MATERIAL PROVIDED:
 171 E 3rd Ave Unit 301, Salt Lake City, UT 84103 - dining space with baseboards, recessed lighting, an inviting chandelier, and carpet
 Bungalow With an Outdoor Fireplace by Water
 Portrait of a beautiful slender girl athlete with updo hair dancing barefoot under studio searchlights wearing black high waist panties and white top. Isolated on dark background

* * *

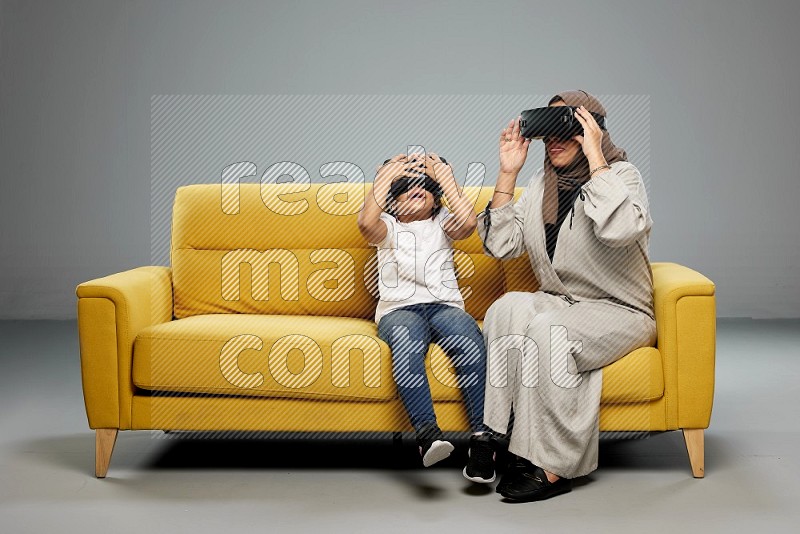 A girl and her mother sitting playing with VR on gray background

ABOUT THIS TASK: Print, without alteration, only the lines above between the one holding "Bungalow With an Outdoor Fireplace by Water" and the one holding "Portrait of a", inclusive.

SOLUTION TO THIS EXERCISE:
 Bungalow With an Outdoor Fireplace by Water
 Portrait of a beautiful slender girl athlete with updo hair dancing barefoot under studio searchlights wearing black high waist panties and white top. Isolated on dark background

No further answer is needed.